HOW MUSIC AFFECTS ALZHEIMERS PATIENTS
Despite his sickness, it seemed that Campbell's guitar-playing skills were embedded in his brain, and even Alzheimer's could not remove it. He forgot many things, but when he was given a cue to play, he did so perfectly.
According to the star's doctor, Ronald Petersen, Campbell's case proves that those attacked by the disease should focus on what they can do instead of what they cannot. The medical professional also revealed how music affects patients:
"Music stored in the brain from a bygone era can actually stimulate some memories and some motor functions."
FAREWELL TOUR, DOCUMENTARY, AND THE HEARTBREAKING SONG
Soon after, they announced Campbell’s farewell tour, which took him across the U.S with over 150 tour dates—which he aced with the help of his youngest kids as his band and a reliable teleprompter that reminded him of the lyrics.
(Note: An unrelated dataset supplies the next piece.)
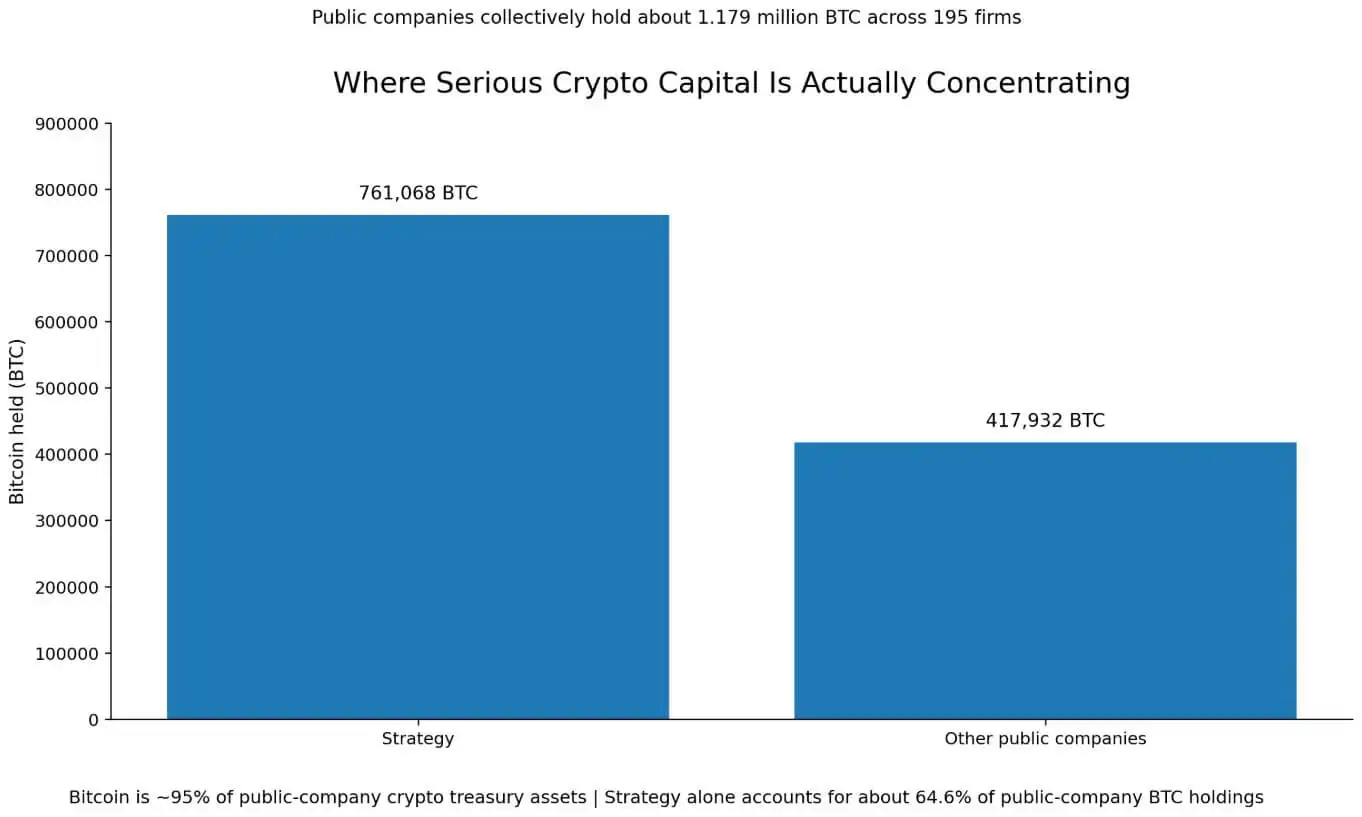Vanity Fair "bathrobe-gate" proves $135 million bought the crypto industry leverage but not respect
While he was touring, a filming crew followed Campbell around to create the 2014 documentary “Glen Campbell: I'll Be Me,” which included the final song he recorded, "I'm Not Gonna Miss You.”
According to the singer's wife, memory is not the only thing that patients lose, but also their ability to be rational thinkers.
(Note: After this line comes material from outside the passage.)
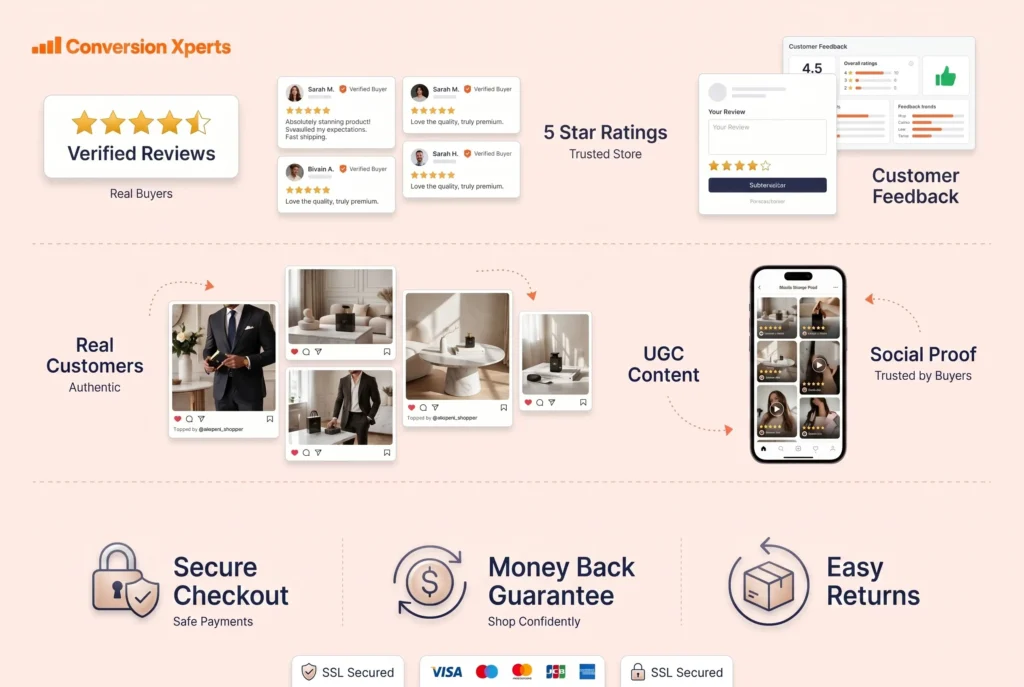Leverage social proof and trust signals to boost conversions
The sad tune touches on the consequences of Alzheimer’s with lyrics like: “I'm still here, but yet I'm gone,” and “You're the last person I will love / You're the last face I will recall / And best of all, I'm not gonna miss you.”
The song was nominated for “Best Original Song” at the 87th Academy Awards and won Grammy Award for “Best Country Song” that same year.
THE FINAL YEARS
As the disease progressed, Campbell became combative, and it was hard for his family, especially his wife Kim, to be their caregivers. So, in March 2014, Kim enrolled Campbell in a long-term care facility near their home in Nashville. "You can't do it all by yourself," Kim said. "So, don't be a martyr."
In 2015, People visited the singer at the facility. He no longer recognized his family and couldn’t sing or play guitar. But for his wife, he was still the same man she fell in love with.
One of his daughters, Debbie, said every time she visited he would reach out, hug her and say “Oh, my baby girl.” “It’ll go away, and it’ll come back, [but] if I hear it five to six times when I’m there, I’m good because it means he came to me at that moment,” she added.
His family was proud of Glen for helping raise awareness about Alzheimer’s through the intimate documentary that captured his early battle with it.
“I’m very grateful that he turned something horrible into something with great meaning,” said his daughter Ashley. “He didn’t let it get him down, and he was always happy to be there,” added his other daughter, Shannon. Campbell passed away on August 8, 2017, at the age of 81.
DEALING WITH GRIEF
Kim grieved for her late husband, even going through depression after his passing. However, she found comfort in knowing that she could help other families who went through the same challenges.
As a woman who took care of an Alzheimer's patient, Kim can relate with all the caregivers who experience difficulty in their work, such as when they fight back when given help.
According to the singer's wife, memory is not the only thing that patients lose, but also their ability to be rational thinkers. Nevertheless, caring for someone you love tops all the hardships.
Several other Hollywood stars have been diagnosed with Alzheimer's, including Tony Bennett, Rita Hayworth, Thomas Dorsey, and Gene Wilder, among many others.